Analysis of bioactive compounds present in different crude extracts of Benincasa hispida and Cucurbita moschata seeds by gas chromatography-mass spectrometry
Plant seeds are the resources of many different bioactive components. The chemical composition of the different crude extracts from Benincasa hispida (White pumpkin) and Cucurbita moschata (Pumpkin) seeds with three different polarity-based solvents (n-hexane, n-hexane-chloroform (2:1), and methanol) was analyzed to identify the biologically active compounds.

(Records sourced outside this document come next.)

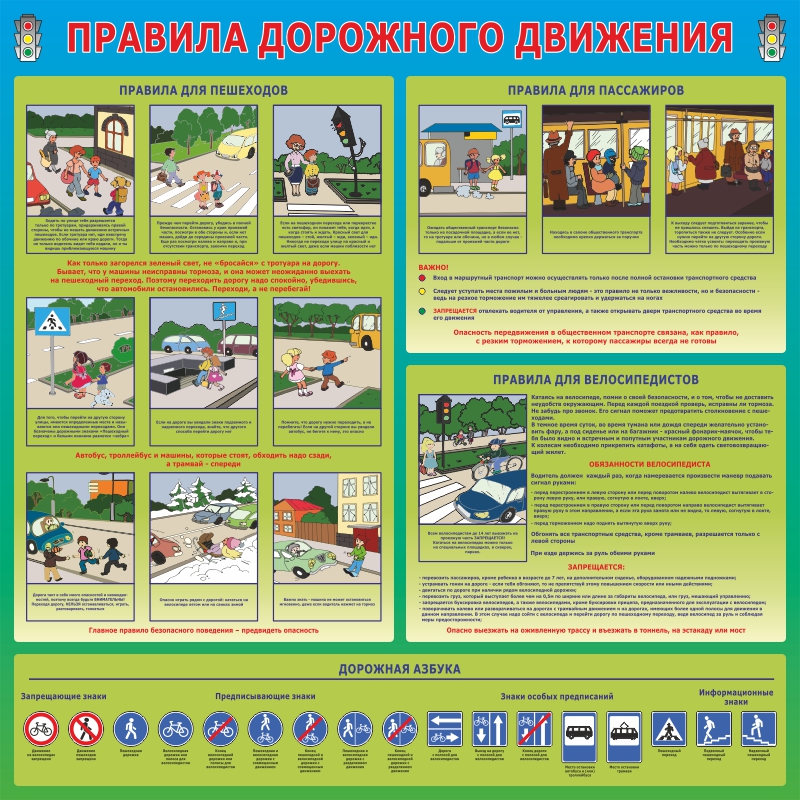 Стенд «Правила дорожного движения» (1000x1000 мм) без карманов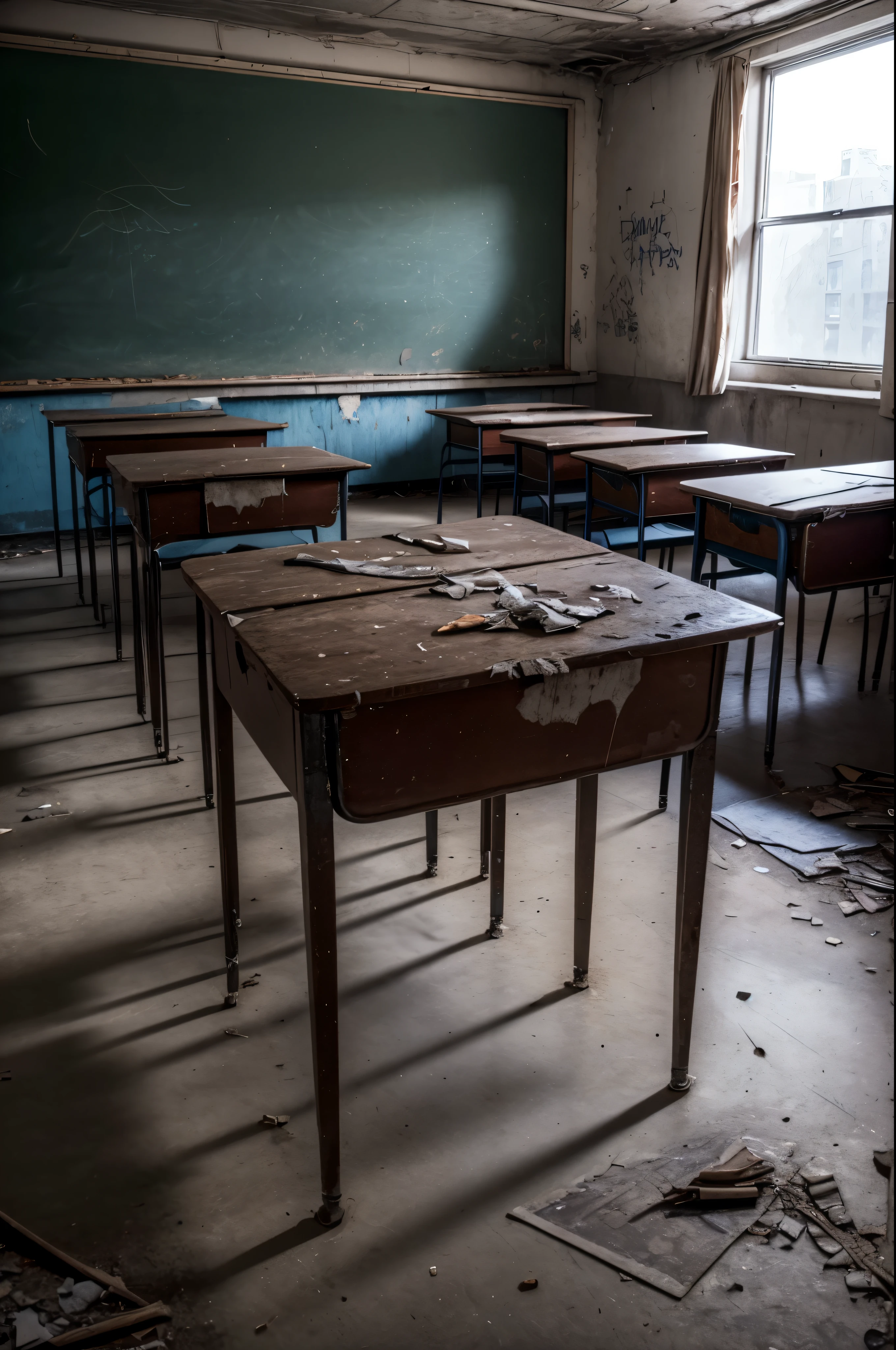 (1girl), solo, Amazing face and eyes, serious face, (School uniform, pleated skirt,:1.3), (best Quality:1.4), extremely detailed CG unified 8k wallpaper, Highly detailed, High-definition raw color photos, professional photograpy, Realistic portrait, (ruined school, Abandoned school, ruined classroom, broken desk, broken chair, creepy classroom, Dilapidated classrooms, graffiti:1.3), (dark classroom:1.4), scene from a horror movie,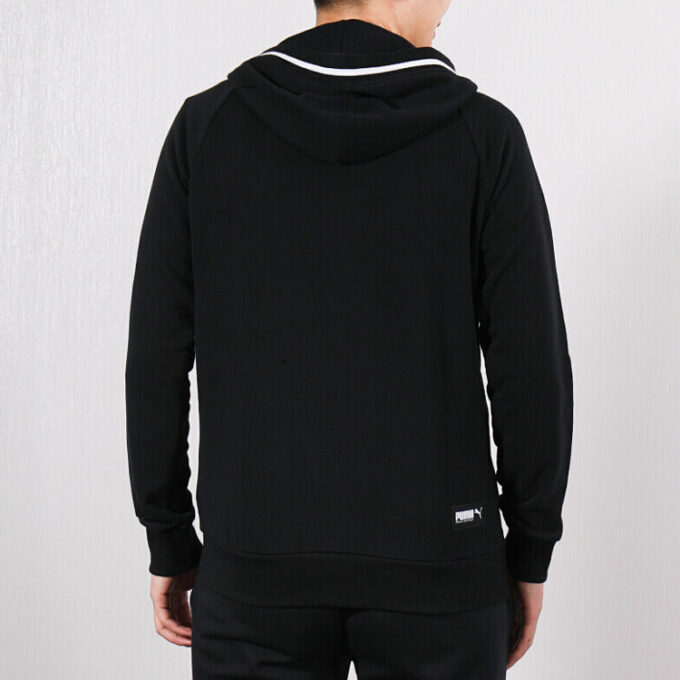 Colorblock hooded Zipper Jacket Black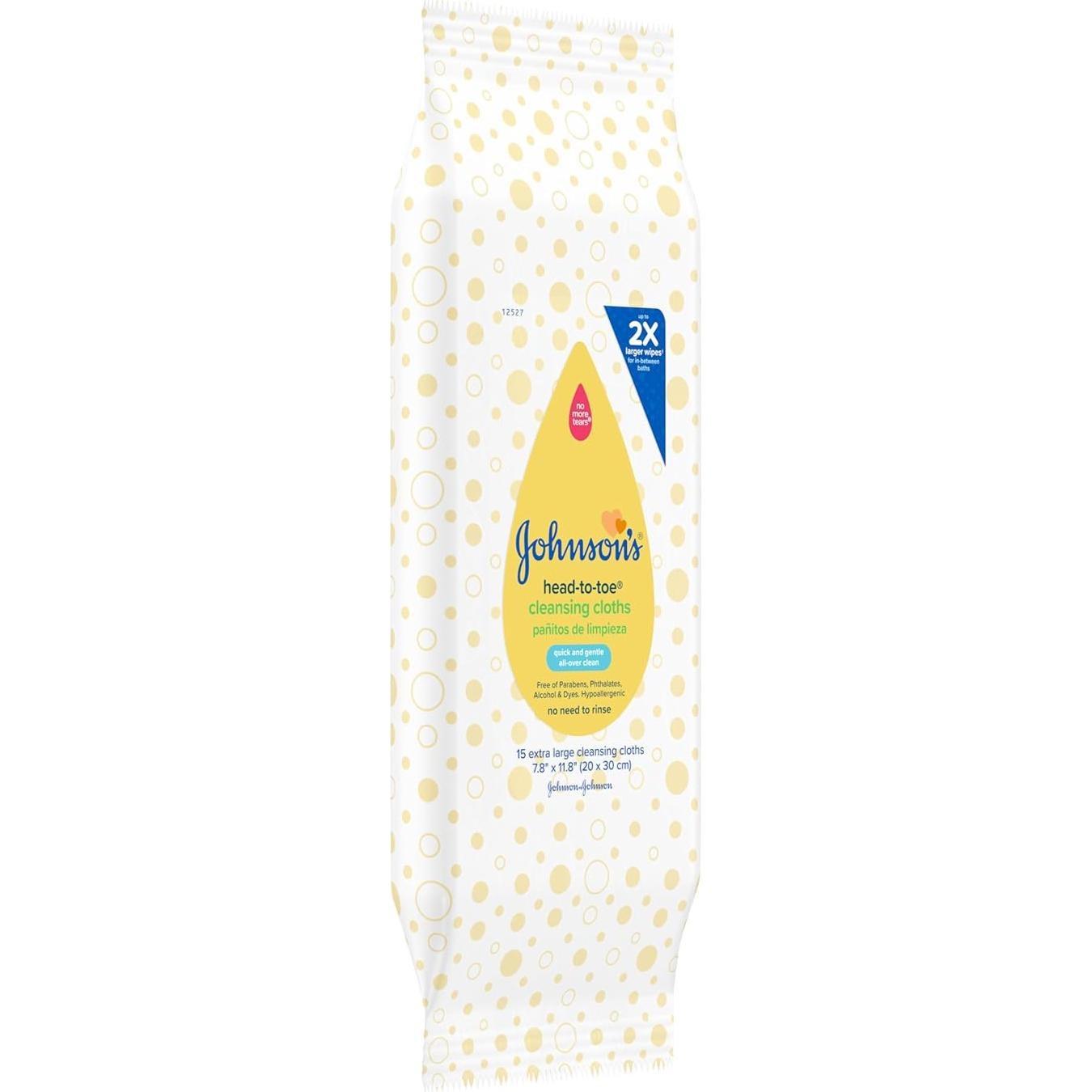 Toallitas de Limpieza Suaves Johnson's Baby 15 ct Sin Enjuague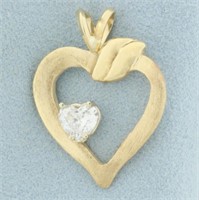 Heart Shaped Diamond Pendant in 14k Yellow Gold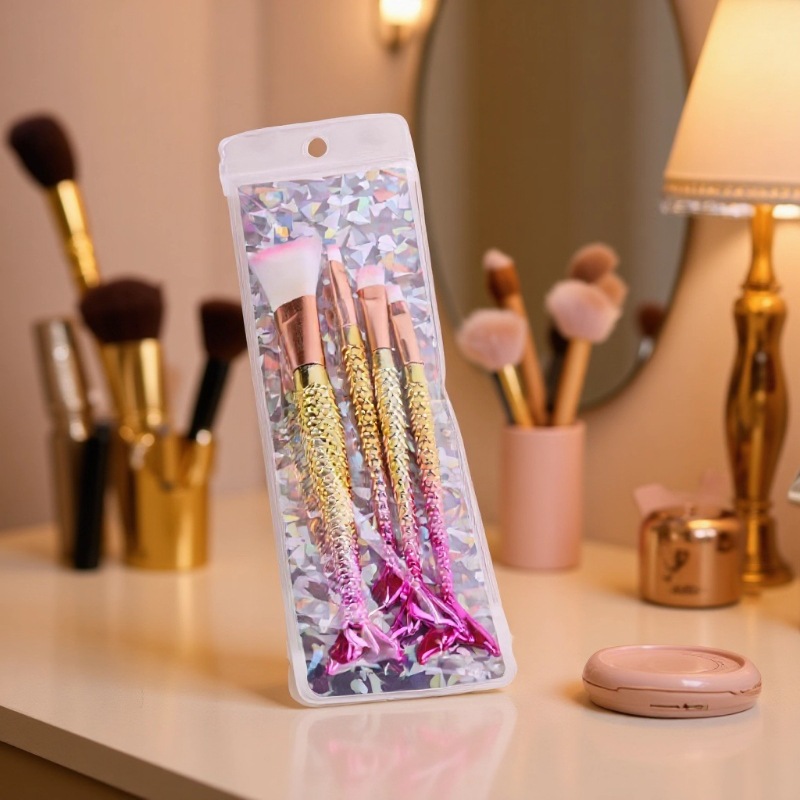 Cuatro cola de sirena transfronteriza venta caliente cepillo de maquillaje galvanizado pintura a granel sombra de ojos cepillo ceja cepillo conjunto completo de cepillo de maquillaje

Each of the extracts was analyzed by gas chromatography-mass spectrometry. Different extracts of targeted seeds showed different biologically active compounds that have different pharmacological potentialities. 9, 12-Octadecadienoic acid (ZZ) was the most potent bioactive compound present in three different extracts of both B. hispida and C. moschata. Another bioactive compound comparatively low percentage present in both plants was n-hexadecanoic acid. Other major pharmacologically active compounds present in both plants were 9- Octadecenoic acid (Z)-, methyl ester, and 9, 12-Octadecadienoic acid methyl ester (E, E). Besides these compounds, a few more biologically active compounds were present in the two plants separately. The findings of this study support the use of these seeds in modern functional foods, nutraceuticals, and medicinal purposes, and the whole seeds would give better health benefits rather than use any extract. Although further pharmacological examinations should be carried out to conclude the medicinal application of the seeds of these two plants as well as to understand the mechanism of the potential health benefits.